The DTLMod programming interface

Main Concepts

DTL

A DTL is created by calling DTL::create() at the beginning of the main() function of your simulator. This function can take as an optional argument a JSON configuration file that describes the different Streams to be created during the simulation each with a name, Engine type, and Transport method.

A common in situ processing scenario is that some analyses or visualization are only needed when certain conditions are met. In such cases, a new process is spawned, subscribes to some variables, and analyzes or visualizes data. DTLMod has been designed to enable the development of simulators in which actors can connect to or disconnect from the DTL at any time. A DTL thus remains active from its creation until the end of the simulation when it is automatically destroyed.

Internally, a DTL is implemented as a server daemon process that answers connection and disconnection requests from the simulated actors and maintains the set of active connections.

Stream

The Stream abstraction represents a connection between a simulated actor and the DTL, through which data transport operations occur, and acts as a Variable factory. The publishers define the variables a Stream has to transport. Each publisher provides global and local information about the variable (see Variable abstraction) On the subscribers side, actors first have to inquire about a variable (i.e., to know its shape and size) before being able to retrieve it from the DTL. Actors can also obtain a list of the names of the variables associated to a stream. Finally, opening a Stream creates a specific Engine to actually handle data transport.

Engine

The Engine abstraction is the base interface through which the DTL interacts with the simulated communication or I/O subsystems in charge of the simulation of data movement or storage. DTLMod exposes two types of engines: file-based engines, that write and read data to and from storage and staging engines that stream data from the memory of publishers to that of subscribers.

An Engine is attached to a Stream. A simulated actor can thus adapt the type of Engine to the purpose of each individual Stream. For instance, one can create a stream with a file-based engine to store application checkpoints and another stream with a staging engine to transfer data from one analysis component to another. The type of Engine to use can be specified either at the creation of a Stream or in an external configuration file passed as argument when creating the DTL.

Transport method

An engine is then associated to a specific Transport method that further specifies how data is written to and read from a file system or streamed from one workflow component to another. This separation between Engine and Transport method allows you to switch between multiple implementations of the same service without having to modify the code of your in situ workflow simulator: Changing of transport method simply amounts to modifying a configuration parameter of the Stream.

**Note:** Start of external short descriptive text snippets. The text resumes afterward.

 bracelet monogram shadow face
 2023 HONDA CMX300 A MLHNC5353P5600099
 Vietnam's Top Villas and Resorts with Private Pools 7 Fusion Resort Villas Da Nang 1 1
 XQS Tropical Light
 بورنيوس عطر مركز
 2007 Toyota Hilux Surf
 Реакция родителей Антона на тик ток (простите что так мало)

For file-based engines, the default transport method consists in having each publisher simulate the writing, for each Transaction, of its own share of a Variable in a distinct simulated file located on a specified simulated storage space.

When a subscriber requests a (selection of a) Variable with a different access pattern, DTLMod first computes which files contain the different pieces of the requested variable and then simulates the corresponding read operations of these files, wherever they are virtually stored. The simulation of these I/O operations is delegated to the file system module of SimGrid that exposes high-level abstractions for the simulation of file-system operations on local and remote storage.

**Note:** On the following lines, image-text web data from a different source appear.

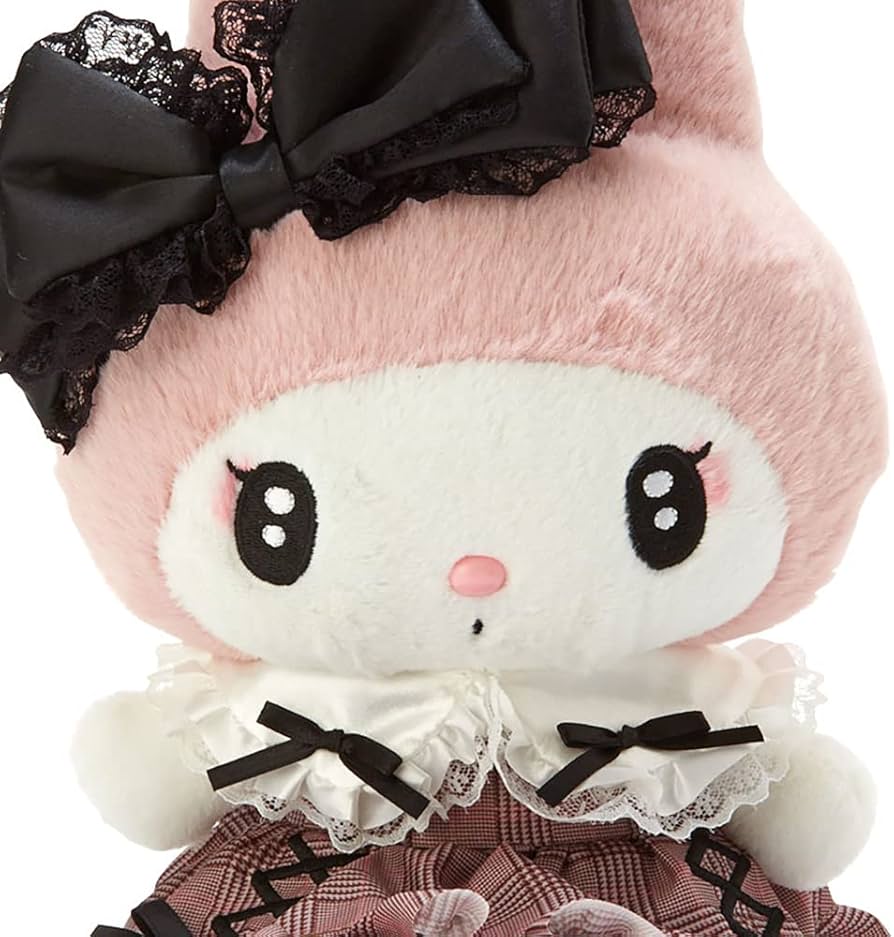 Amazon.co.jp: サンリオ(SANRIO) サンリオ ぬいぐるみ マイメロディ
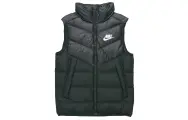Жилет спортивный NIKE Nike Sportswear, размер M, black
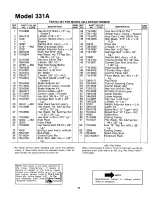 Предварительный просмотр 17 страницы MTD 114-331A000 Owner'S Manual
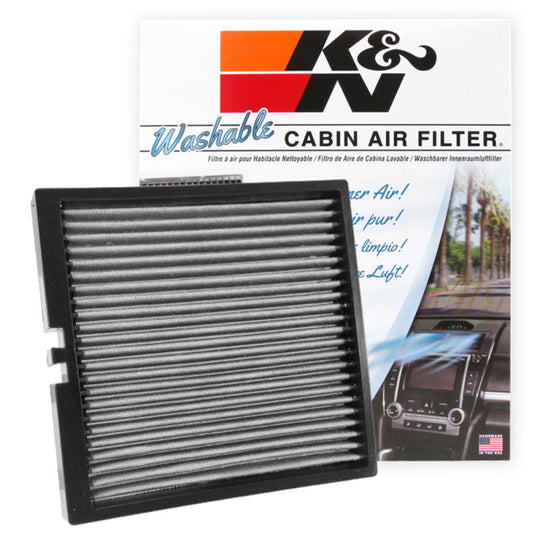 K&amp;N 14-16 GM Full-size Truck Cabin Air Filter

To create a file-based Engine, you must specify where to store the simulated files. This is done by passing as argument to the Stream::open() method a string which contains the location and name of the targeted file system and a path to a specific directory. This information can also be stored in a separate configuration file, which means that you can test different scenarios (e.g., using a local or remote file system) without having to modify the code of their simulator.

The location of the file system has a direct impact on the simulation of I/Os by SimGrid’s file system module. If the DTL accesses a remote file system, a write (resp. read) operation implies the simulation of a network communication before (resp. after) the simulation of the corresponding I/O operation on a storage device.

More details on what happens under the hood when using a File Engine are given in the Inside the File engine section of the documentation.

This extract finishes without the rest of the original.